Web 3.0, aka Web 2.0 2.0

Go watch any YouTube video about Web 3.0 or read any Medium article about it. You’ll very quickly notice that, according to the proponents of Web 3.0, all our troubles will soon be solved thanks to new technology. They claim that blockchain will allow us to break free of social media platforms and speak out minds, monetize our works by tokenizing them, and wrest control from the oppressive big companies.

Sound familiar?

Like the guys who wrote a manifesto over 20 years ago, these people think Web 3.0 will solve all our problems. They also don’t seem to think it will cause any problems of its own. Criminals using BitCoin? No way, people blow that out of proportion! Losing all your NFT’s because you forgot a password and there’s no central entity to recover it? I’m sure that won’t happen often! And there’s no telling what other harm may come, because it’s all too new. In fact…

Nobody knows what the future holds

I think there will be a cool use for all this new technology, but I don’t think we’ve found it yet. If you look at how the Cluetrain Manifesto describes the future, you’ll see that they’re basically describing communication as it was in 1999, but MORE! They didn’t know that dynamic web pages would allow for endlessly scrolling social media, that high quality cameras on phones would allow anybody to create content, that AI would allow everybody to look like a dog in their photos, or that WebGL would allow a rich ecosystem of indie games on sites like itch.io. The new tech hadn’t been around long enough for these great ideas to come up, and it turns out the future is hard to predict.

Similarly, I think all the Web 3.0 fancy schmancy stuff will result in something really cool. I don’t think it’s going to be “Facebook… but with cryptocurrency!” or “YouTube, but your videos are NFTs!” or anything like that. The average internet user has no use for these things in their current state, just like most people weren’t on internet forums in the 1990’s. Nowadays, everybody and their grandma is on Facebook. Somewhere, somebody is working on something using Web 3.0 tech that will become an ubiquitous part of every day life. What is that thing?

Nobody knows!

Web 2.0 isn’t obsolete

No matter what that cool thing is, it isn’t going to be a 1-to-1 replacement for what’s around right now. How can I be so sure? Web 1.0 was the age of the static web. HTML was just markup - it arranged things and applied styles and that’s it. Nothing changed, nothing was dynamic. Web 2.0 changed that.
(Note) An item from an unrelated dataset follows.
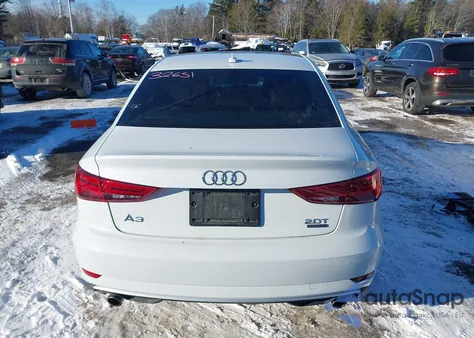 2018 Audi A3 2.0T Premium/2.0T Tech Premium z USA, uszkodzony, nr VIN WAUB8GFF6J1087045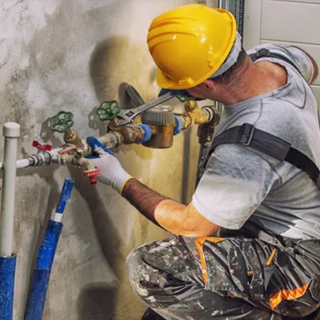 Indennizzi alle partite Iva: "In Piemonte avranno meno della media nazionale: così si paga l'affitto di un mese"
But static webpages didn’t go away. You’re reading one right now. I don’t need this page to be dynamic. I also don’t need it to use blockchain. No amount of Web 3.0 adoption is going to change that. New technology will add to the internet ecosystem and, yes, some things will likely fall by the wayside, but others will persist. Intelligent humans exist alongside the same dumb microorganisms that have been around for billions of years - survival of the fittest doesn’t mean absolute replacement of old with new.

Summary

New technology is exciting. I can’t wait to see the internet is like in 20 years. But 20 years ago, I never could have predicted what today’s internet is like. I’m not going to bother making predictions, I’ll just wait and see what excitement comes with new technology. I’ll also keep an eye out for the new harm that the new technology will bring - hopefully we’ve learned our lessons from the past, but I honestly doubt it.